"With all the advancements over the last 20 years, we can now get a better picture of Earth by looking at it from micro- to macro-perspectives, such as discerning individual atoms in minerals or watching continents drift and mountains grow," said Donald J. DePaolo, professor of geochemistry at the University of California at Berkeley and chair of the committee that wrote the report. "To keep the field moving forward, we have to look to the past and ask deeper fundamental questions, about the origins of the Earth and life, the structure and dynamics of planets, and the connections between life and climate, for example."
The report was requested by the U.S. Department of Energy, National Science Foundation, U.S. Geological Survey, and NASA. The committee selected the question topics, without regard to agency-specific issues, and covered a variety of spatial scales -- subatomic to planetary -- and temporal scales -- from the past to the present and beyond.
The committee canvassed the geological community and deliberated at length to arrive at 10 questions.

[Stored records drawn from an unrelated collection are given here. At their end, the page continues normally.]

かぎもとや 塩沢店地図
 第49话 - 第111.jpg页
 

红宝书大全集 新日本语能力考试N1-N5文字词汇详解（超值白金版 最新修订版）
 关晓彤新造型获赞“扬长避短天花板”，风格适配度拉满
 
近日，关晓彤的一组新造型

Some of the questions present challenges that scientists may not understand for decades, if ever, while others are more tractable, and significant progress could be made in a matter of years, the report says. The committee did not prioritize the 10 questions -- listed with associated illustrative issues below -- nor did it recommend specific measures for implementing them.HOW DID EARTH AND OTHER PLANETS FORM?
Jennifer Walsh | EurekAlert!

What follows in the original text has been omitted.